When I transitioned in the late 1980s from marketing Anchorage to marketing Durham, North Carolina, where I now still live in retirement, many here were trying to bury any sign of the community’s past including its legacy brand as the Bull City, which I use today in the name of this blog.

I took some heat when the organization I led fully embraced the long-view of Durham’s heritage including using “bull” in marketing tools such as subtly forming a bull’s head inside the “D” of the community's first marketing logo and incorporating the word “bull” into tools such as the Bulls Eye Newsletter, the Bull Horn voice information system and even the name of the weekly staff meeting, “Remarkabulls.”

Eventually, a much more overarching but incorporating brand and slogan was distilled, but reconnecting with the community’s rich heritage back then had helped give voice to Durham’s unique sense of place without taking anything away from more recent attributes and events.  There is also evidence it played a role in fostering Durham’s signature adaptive reuse of historic buildings.

During my time living in Spokane’s historic Browne’s Addition during the 1970s,  I also reconnected during that time of deep introspection, to parts of my personal brand.  I returned to the country music of my roots adding a love of The Eagles to an earlier rediscovery via Gram Parsons (before and after The Byrds,) especially in duets with Emmylou, as well as Kris Kristofferson and outlaws such as Willie Nelson and Waylon Jennings.

Knowing my fondness, friends gave the lyrics for the song Desperado rendered in calligraphy to hang on the wall of my office.  The song, started by Don Henley in the late 1960s and completed in collaboration with Glenn Frey is a flawless description of not only depression but many of the lessons I’ve had to learn during my life.

However, the country music artist that most symbolizes that reconnection to my roots coincided with relocation to my now-hometown Durham in mid-1989.

Though he died tragically just weeks before that move, one can still sense Keith Whitely’s enduring influence over the subsequent decades by using his name to create a station on Pandora, one of my favorites.

His inspiration is often acknowledged by Garth Brooks, Travis Tritt, Alan Jackson, Randy Travis, George Strait, John Berry, Doug Stone and many others popular today such as Tim McGraw, Kenny Chesney, Daryle Singletary and Joe Nichols.

In 1973, Whitely was just striking out from his teenage collaboration with Ricky Skaggs.  Up through my early years in Anchorage, you could still hear Whitely’s mark on bluegrass groups such as the Clinch Mountain Boys and The New South.

Striking out on his own, during the time I was in Anchorage made him more mainstream but Whitely wasn’t entirely comfortable with over-produced hits such as Miami My Amy.  Then, just as I turned 40, in the months before I arrived in Durham, Keith Whitely rebelled. He shelved one just completed and cut a ground-breaking album his way just a few months before he would be found dead at age 34.

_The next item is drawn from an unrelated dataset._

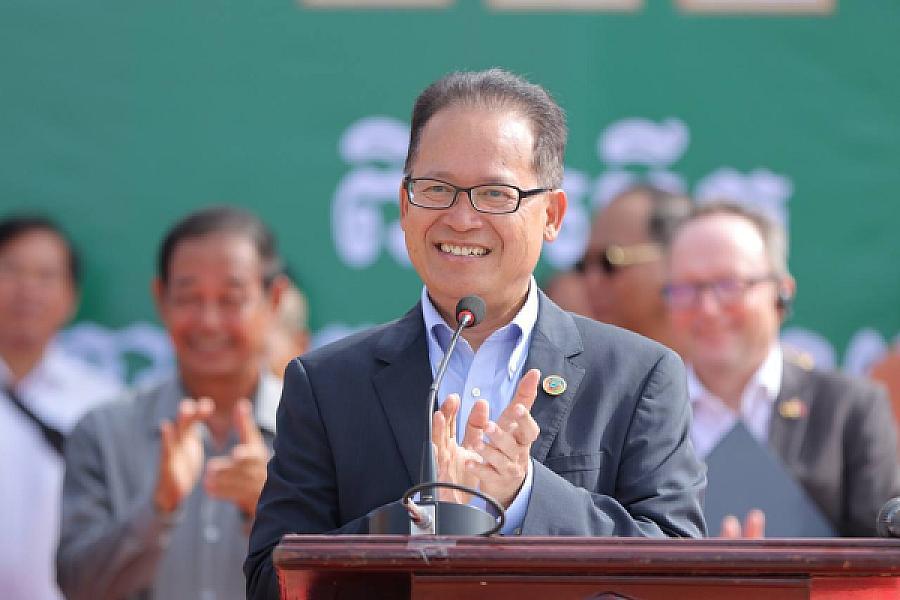 ឯកឧត្តមបណ្ឌិត អ៊ាង សុផល្លែត ចូលរួមបរិច្ចាគថវិកាគាំទ្រការសាងសង់ផ្ទះជូនអតីតយុទ្ធជន និងនិវត្តជន ចំនួន ៤ខ្នង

It spawned three number one hits, one of which was co-written by Don Schlitz, “When You Say Nothing At All.”  Coincidentally, Schlitz is a Durham native and graduate of Duke University here, who had left his job as manager for a Roses store, during my time of intense introspection and epiphany in the early-to-mid-1970s, to pursue a hall-of-fame career as a country songwriter in Nashville.

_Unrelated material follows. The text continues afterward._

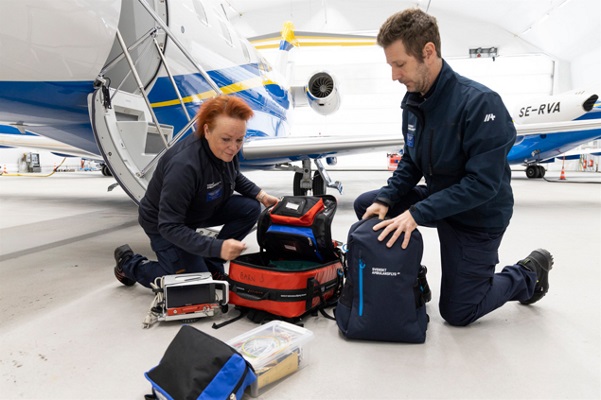 Personal från svenskt ambulansflyg packar sin utrustning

Posthumously, Whitely continued to have hits well into the 2000s including Somewhere Between, Between An Old Memory and Me and two for which he had only cut demo tapes such as Tell Lorrie I Love Her an ode to his wife Lorrie Morgan on their wedding day and a duet she cut after his death entirely ‘Till A Tear Becomes A Rose.

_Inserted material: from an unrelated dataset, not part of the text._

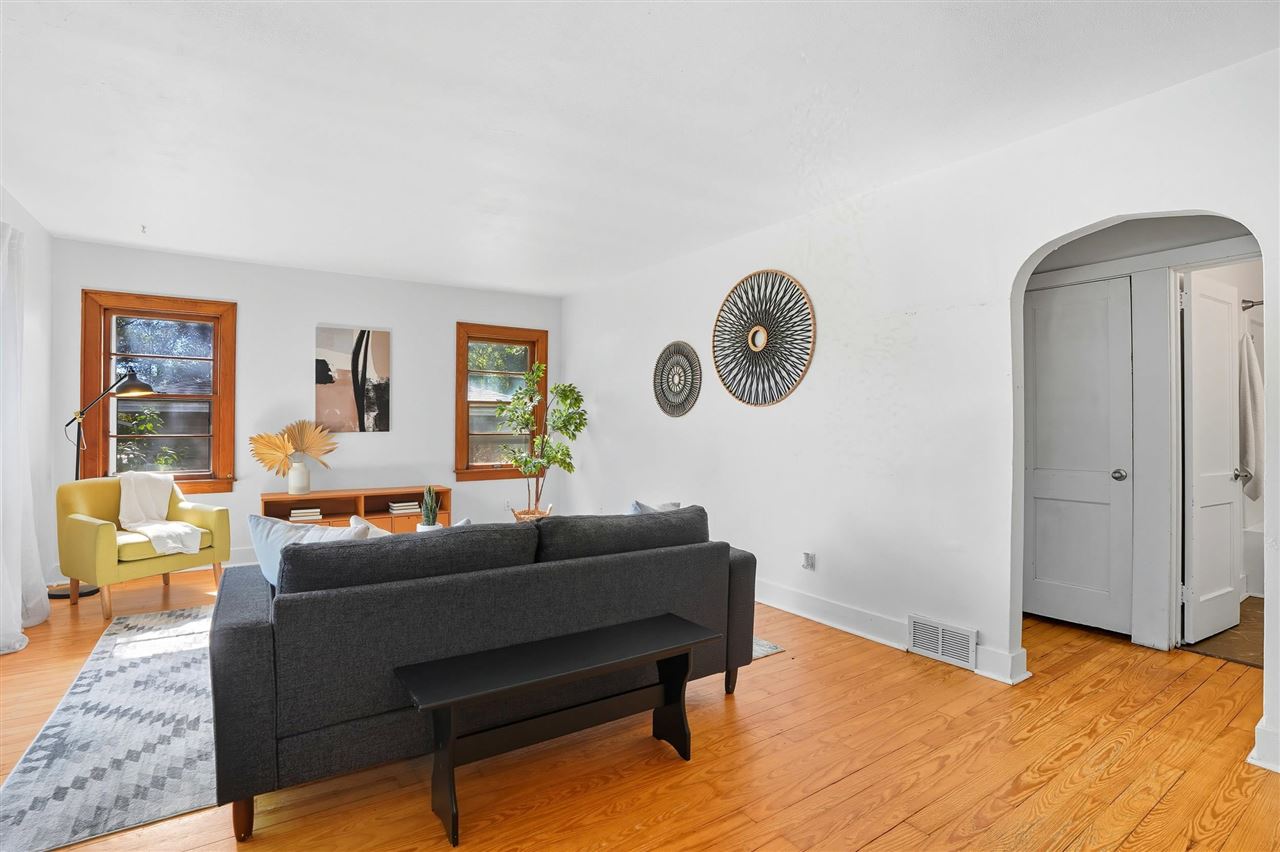 718 6th Avenue Coralville IA 52241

I am fortunate that my four brushes with depression, occurring between 1967 and 1987, lasted only a few days to several weeks and compared to many who suffer much more frequent and lasting episodes, I feel blessed.

Introspective melodies such as Whitely’s continue to resonate deep inside me, maybe synchronizing to my internal metronome.  Never bringing me down, instead they are an uplifting and reassuring reminder of how fortunate I’ve been in life, but also as an empathetic reminder of those who aren’t.

Maybe music, such as his, also serves as a soundtrack for much of my life including my now-concluded career.

Wednesday, November 28, 2012

A Solution for Tourism’s Achilles’ Heel

Second only to dining, retail shopping is the second largest beneficiary of tourism spending.  Unless drawn to destinations distinctive for place-based assets such as small independent retailers, for many trapped in the geography of nowhere tourism is only a form of generic shopping.

But when it comes to industries across the tourism sector of the economy, retail shopping is emblematic of an even more serious Achilles' heel, in my opinion.

Results from a remarkable surge in shopping during this past Thanksgiving weekend are heartening for continued economic recovery, but they also illustrate that as more and more daily shopping shifts online, tourism will become even more essential to store-front retail.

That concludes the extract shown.